Katrina was briefly downgraded to a tropical storm as it
churned across the swampy Everglades after dousing Miami and
Fort Lauderdale, but turned back into a hurricane with 100-mph
(160-kph) winds as it moved over warm Gulf waters.
It was projected to become a dangerously powerful hurricane
with winds of at least 131 mph (210 kph) by late Sunday or
early Monday, threatening U.S. oil and gas rigs in the Gulf of
Mexico and already storm-scarred Gulf Coast communities from
the Florida Panhandle to low-lying New Orleans.
“We have ample resources to meet whatever comes,” said
Florida Gov. Jeb Bush.
“I worry more about the strains on family life in our
state. I worry more about communities being hard hit already,
preparing for yet another storm. Such is the physical loss of
property and psychological aspect of this, it wears you down.”
The Panhandle area was hit in July by Hurricane Dennis and
last September by Ivan. Many buildings there remain unrepaired
or covered in vulnerable tarpaulin.
Katrina dumped up to 12 inches of rain after coming ashore
south of Fort Lauderdale on Thursday with 80 mph (130 kph)
winds. It then made a slow and punishing trek southwest across
Miami, the U.S. National Hurricane Center said.
Insured losses from Katrina’s first strike could reach $1
billion to $2 billion, said Risk Management Solutions, a
Newark, California-based forecaster. Risk estimator AIR
Worldwide forecast $600 million in insured losses.
SHEETS OF RAIN
Sheets of rain flooded communities and fierce gusts
stripped tiles off roofs, tore away mosquito screens and
shattered trees.
Floodwaters were thigh-high in the Cutler Ridge area south
of Miami, where at least one person jet-skied down a street.

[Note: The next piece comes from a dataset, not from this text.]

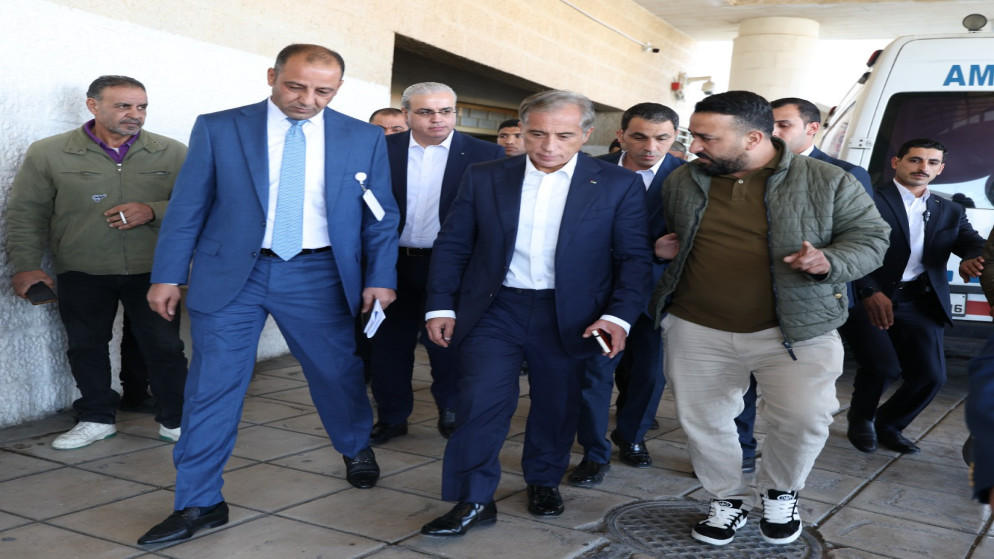 رئيس الوزراء جعفر حسان، الأحد، مستشفى الزرقاء الحكومي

“There’s debris, there are tree limbs all over. Traffic
lights are out,” Broward County Sheriff Ken Jenne said. “Don’t
get in your car.”
Seven people were killed by the storm — three of them by
falling trees, officials said. One elderly man died when his
car struck a tree. Police recovered two bodies from a capsized
houseboat and a storm-battered yacht anchored offshore near
Miami’s City Hall, and police in Florida City south of Miami
said a man there also appeared to have drowned.

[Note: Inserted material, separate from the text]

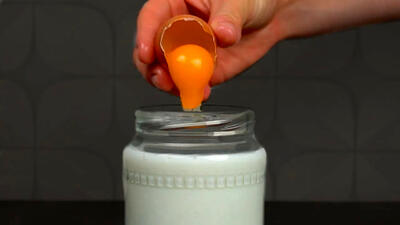 (ویدئو) طرز تهیه پنیر خانگی بدون سرکه با یک لیتر شیر و 2 تخم مرغ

A couple and their three children aboard a 24-foot (7-
meter) boat off Cape Coral on Florida’s southern Gulf coast
were rescued by a U.S. Coast Guard helicopter.
An overpass under construction collapsed west of Miami,
blocking the city’s main east-west highway.
Schools, businesses and government offices in southeast
Florida were closed on Friday. Winds were so strong a parked
Boeing 767 was blown sideways at Miami International Airport.
Emergency officials reported more than 2.4 million people
without power in Florida — a state punished by four powerful
hurricanes in a six-week period last year.
Six oil companies operating in the Gulf of Mexico said they
evacuated workers from offshore platforms as a precaution, but
only one, Total of France, said production had been cut.
Oil prices slid more than a $1 a barrel after dealers bet
Katrina would not go further west than Florida’s Panhandle and
would miss the heart of oil and gas production in the Gulf.
But forecasters warned on Friday that computer models
predicting the storm’s track had shifted ominously westward.
By 5 p.m. (2100 GMT), Katrina was about 70 miles
west-northwest of Key West and moving west-southwest at 8 mph
(13 kph). It was expected to take a more westward track on
Saturday and eventually loop northward.